**WORK TASK**:
Set down word for word each line from the start of the listing through the line that contains "Tindbea Hair Dryer", both included.

*** Opening RECORDS FOR THE EXERCISE ***

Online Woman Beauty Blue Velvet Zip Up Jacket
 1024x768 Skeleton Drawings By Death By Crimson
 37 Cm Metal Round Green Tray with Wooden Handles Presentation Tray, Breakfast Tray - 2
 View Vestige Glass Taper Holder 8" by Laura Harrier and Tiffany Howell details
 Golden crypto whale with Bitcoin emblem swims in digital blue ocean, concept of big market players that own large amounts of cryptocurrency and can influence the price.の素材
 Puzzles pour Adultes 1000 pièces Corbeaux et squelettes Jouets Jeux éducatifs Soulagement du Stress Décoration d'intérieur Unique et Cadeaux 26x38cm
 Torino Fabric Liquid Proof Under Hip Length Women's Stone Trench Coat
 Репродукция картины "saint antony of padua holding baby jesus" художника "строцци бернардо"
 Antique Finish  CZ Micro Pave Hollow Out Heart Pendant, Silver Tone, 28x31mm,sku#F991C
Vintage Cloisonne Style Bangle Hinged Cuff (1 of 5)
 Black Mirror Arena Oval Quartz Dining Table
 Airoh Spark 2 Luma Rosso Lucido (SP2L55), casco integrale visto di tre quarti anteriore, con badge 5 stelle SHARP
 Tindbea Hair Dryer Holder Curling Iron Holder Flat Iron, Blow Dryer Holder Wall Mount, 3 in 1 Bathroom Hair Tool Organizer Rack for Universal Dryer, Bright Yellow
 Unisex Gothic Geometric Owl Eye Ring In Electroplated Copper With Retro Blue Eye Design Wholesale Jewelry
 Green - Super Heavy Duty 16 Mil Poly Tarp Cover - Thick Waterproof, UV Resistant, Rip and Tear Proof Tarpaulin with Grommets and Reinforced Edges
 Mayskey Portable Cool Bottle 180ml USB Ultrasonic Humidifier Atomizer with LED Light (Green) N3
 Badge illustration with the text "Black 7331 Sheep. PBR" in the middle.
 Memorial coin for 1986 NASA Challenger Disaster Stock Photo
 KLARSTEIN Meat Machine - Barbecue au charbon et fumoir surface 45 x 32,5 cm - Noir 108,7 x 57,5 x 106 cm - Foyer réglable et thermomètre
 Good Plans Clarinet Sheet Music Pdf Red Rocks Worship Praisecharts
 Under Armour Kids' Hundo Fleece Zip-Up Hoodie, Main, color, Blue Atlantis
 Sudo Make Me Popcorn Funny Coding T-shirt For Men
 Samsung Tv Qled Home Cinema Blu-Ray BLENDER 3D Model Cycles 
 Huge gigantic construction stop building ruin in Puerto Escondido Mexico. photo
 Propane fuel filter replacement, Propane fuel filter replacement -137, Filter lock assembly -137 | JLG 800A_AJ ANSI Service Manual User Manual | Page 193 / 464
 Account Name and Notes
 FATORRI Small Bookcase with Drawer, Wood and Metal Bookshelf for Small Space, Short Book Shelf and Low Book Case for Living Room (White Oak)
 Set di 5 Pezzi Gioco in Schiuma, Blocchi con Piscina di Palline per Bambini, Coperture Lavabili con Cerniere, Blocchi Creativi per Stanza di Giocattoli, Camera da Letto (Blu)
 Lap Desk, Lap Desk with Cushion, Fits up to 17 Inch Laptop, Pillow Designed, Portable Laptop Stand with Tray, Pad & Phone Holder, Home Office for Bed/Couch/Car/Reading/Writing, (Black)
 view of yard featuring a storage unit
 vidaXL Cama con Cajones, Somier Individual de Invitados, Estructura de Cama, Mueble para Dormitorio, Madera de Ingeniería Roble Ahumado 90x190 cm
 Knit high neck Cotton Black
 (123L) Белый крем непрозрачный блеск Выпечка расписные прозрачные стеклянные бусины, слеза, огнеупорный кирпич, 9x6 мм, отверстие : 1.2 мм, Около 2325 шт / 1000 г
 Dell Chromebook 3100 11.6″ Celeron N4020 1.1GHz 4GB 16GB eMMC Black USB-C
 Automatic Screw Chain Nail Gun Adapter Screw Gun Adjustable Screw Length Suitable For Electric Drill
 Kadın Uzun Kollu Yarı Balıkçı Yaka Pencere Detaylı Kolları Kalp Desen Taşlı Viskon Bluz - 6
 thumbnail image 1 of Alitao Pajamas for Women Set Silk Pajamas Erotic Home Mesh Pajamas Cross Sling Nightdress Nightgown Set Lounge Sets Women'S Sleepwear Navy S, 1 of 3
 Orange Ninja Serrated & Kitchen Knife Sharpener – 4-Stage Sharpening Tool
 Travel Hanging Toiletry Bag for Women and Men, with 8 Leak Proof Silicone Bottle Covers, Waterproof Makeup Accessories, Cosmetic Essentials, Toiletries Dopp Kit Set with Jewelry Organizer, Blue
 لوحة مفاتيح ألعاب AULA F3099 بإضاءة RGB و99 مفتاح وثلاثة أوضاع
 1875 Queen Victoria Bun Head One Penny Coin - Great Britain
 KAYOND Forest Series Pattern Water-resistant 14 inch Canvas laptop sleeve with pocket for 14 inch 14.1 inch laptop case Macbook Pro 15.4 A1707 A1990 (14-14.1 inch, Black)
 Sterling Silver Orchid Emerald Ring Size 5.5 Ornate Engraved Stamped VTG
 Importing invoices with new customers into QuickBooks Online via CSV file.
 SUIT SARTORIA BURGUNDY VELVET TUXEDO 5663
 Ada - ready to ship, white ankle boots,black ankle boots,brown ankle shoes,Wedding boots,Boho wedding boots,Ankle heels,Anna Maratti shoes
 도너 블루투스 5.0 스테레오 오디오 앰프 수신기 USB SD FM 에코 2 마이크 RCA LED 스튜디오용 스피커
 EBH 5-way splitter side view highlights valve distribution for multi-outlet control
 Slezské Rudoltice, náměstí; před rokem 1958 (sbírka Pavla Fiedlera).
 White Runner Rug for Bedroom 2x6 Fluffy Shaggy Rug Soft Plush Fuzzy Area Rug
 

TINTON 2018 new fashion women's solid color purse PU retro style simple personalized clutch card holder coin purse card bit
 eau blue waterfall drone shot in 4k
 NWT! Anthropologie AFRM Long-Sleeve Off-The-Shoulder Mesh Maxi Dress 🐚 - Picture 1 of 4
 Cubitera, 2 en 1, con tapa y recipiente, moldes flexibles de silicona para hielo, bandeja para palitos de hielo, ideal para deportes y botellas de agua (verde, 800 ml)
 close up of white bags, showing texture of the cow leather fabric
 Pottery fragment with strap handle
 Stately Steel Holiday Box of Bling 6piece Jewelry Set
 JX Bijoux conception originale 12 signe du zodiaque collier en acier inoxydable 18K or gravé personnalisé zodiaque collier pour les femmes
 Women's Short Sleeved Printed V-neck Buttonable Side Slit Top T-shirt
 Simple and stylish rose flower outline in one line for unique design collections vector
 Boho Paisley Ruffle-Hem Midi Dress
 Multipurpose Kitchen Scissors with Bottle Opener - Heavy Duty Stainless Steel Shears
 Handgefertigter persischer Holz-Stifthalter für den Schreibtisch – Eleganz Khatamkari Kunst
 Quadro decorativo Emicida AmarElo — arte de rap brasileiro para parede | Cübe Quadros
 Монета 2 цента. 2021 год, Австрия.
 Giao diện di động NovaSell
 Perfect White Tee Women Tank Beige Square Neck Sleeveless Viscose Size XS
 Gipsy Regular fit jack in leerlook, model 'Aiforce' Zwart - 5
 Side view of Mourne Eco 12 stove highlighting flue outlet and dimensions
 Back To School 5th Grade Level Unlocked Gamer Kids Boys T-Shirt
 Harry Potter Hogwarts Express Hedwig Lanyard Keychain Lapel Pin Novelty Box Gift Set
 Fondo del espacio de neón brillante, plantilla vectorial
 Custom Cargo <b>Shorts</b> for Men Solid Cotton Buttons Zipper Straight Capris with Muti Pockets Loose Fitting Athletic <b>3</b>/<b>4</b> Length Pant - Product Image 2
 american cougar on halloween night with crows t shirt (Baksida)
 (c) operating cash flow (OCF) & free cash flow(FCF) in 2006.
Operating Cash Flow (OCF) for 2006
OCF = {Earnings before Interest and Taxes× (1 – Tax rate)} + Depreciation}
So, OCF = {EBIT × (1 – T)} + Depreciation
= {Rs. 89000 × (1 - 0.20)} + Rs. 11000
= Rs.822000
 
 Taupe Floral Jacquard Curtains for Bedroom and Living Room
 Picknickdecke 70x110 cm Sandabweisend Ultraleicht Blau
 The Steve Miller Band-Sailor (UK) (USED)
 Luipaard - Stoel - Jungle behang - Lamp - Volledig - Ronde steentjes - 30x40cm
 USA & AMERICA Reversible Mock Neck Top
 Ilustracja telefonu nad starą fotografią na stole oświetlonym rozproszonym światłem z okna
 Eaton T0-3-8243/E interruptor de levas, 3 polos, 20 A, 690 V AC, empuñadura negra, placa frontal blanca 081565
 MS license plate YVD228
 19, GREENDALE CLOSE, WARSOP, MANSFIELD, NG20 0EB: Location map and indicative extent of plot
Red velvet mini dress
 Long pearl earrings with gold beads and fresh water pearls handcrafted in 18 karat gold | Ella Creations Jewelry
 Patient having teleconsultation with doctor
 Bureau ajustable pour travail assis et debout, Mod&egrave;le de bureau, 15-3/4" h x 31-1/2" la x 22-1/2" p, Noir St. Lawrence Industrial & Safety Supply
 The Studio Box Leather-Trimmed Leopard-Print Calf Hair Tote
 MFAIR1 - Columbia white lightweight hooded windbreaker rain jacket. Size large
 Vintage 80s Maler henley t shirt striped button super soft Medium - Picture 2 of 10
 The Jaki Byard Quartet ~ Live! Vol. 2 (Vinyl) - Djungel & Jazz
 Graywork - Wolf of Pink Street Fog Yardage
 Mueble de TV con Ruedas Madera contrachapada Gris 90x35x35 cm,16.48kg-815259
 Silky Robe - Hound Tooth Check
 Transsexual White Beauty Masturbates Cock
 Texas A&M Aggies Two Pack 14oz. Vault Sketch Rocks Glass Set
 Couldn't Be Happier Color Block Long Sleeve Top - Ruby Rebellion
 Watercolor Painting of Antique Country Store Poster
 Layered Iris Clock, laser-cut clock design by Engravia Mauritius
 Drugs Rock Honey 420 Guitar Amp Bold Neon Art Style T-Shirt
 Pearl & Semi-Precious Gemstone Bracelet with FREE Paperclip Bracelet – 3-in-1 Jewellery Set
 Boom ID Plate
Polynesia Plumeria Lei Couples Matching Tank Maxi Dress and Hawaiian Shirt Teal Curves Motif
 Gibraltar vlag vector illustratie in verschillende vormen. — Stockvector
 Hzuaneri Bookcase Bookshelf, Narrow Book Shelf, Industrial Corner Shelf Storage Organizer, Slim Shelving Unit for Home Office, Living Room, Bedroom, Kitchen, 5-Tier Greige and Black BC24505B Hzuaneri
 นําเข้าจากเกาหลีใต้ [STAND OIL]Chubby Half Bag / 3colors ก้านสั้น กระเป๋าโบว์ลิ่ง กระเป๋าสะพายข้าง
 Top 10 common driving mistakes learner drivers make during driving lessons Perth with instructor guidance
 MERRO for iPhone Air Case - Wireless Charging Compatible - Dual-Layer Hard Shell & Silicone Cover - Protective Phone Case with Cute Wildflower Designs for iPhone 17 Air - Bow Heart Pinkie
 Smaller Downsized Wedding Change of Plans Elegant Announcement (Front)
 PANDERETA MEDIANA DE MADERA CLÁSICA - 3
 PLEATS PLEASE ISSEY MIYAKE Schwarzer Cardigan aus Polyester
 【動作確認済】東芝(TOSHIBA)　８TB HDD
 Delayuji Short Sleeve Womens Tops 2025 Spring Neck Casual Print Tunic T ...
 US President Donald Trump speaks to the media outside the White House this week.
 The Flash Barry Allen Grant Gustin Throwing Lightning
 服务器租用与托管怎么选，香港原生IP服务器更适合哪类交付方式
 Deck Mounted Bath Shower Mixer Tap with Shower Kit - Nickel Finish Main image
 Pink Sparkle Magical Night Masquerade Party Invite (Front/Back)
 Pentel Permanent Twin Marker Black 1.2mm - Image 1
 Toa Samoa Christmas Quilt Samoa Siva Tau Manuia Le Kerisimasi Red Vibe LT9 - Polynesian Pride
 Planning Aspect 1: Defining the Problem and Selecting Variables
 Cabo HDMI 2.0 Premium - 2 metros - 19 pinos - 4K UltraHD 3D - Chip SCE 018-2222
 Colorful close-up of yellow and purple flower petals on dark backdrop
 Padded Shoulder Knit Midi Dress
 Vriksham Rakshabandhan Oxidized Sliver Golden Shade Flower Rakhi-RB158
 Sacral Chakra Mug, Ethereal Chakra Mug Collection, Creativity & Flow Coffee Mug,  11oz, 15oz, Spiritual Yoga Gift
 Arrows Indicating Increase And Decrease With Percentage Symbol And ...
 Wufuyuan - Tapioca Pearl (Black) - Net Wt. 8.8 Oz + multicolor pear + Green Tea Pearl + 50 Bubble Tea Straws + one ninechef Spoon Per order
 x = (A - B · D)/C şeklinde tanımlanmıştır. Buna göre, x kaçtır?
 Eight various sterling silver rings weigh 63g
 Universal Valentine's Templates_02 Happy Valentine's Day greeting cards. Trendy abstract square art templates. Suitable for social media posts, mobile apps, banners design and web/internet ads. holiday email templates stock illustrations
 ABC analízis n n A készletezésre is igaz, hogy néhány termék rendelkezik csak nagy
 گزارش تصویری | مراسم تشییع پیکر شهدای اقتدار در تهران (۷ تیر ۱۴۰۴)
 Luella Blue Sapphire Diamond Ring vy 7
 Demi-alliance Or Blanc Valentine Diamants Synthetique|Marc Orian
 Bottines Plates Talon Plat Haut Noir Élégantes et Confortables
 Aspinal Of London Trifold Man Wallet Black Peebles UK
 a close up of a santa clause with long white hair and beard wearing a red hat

*** Closing RECORDS FOR THE EXERCISE ***

**RESULT OF THIS EXERCISE**:
Online Woman Beauty Blue Velvet Zip Up Jacket
 1024x768 Skeleton Drawings By Death By Crimson
 37 Cm Metal Round Green Tray with Wooden Handles Presentation Tray, Breakfast Tray - 2
 View Vestige Glass Taper Holder 8" by Laura Harrier and Tiffany Howell details
 Golden crypto whale with Bitcoin emblem swims in digital blue ocean, concept of big market players that own large amounts of cryptocurrency and can influence the price.の素材
 Puzzles pour Adultes 1000 pièces Corbeaux et squelettes Jouets Jeux éducatifs Soulagement du Stress Décoration d'intérieur Unique et Cadeaux 26x38cm
 Torino Fabric Liquid Proof Under Hip Length Women's Stone Trench Coat
 Репродукция картины "saint antony of padua holding baby jesus" художника "строцци бернардо"
 Antique Finish  CZ Micro Pave Hollow Out Heart Pendant, Silver Tone, 28x31mm,sku#F991C
Vintage Cloisonne Style Bangle Hinged Cuff (1 of 5)
 Black Mirror Arena Oval Quartz Dining Table
 Airoh Spark 2 Luma Rosso Lucido (SP2L55), casco integrale visto di tre quarti anteriore, con badge 5 stelle SHARP
 Tindbea Hair Dryer Holder Curling Iron Holder Flat Iron, Blow Dryer Holder Wall Mount, 3 in 1 Bathroom Hair Tool Organizer Rack for Universal Dryer, Bright Yellow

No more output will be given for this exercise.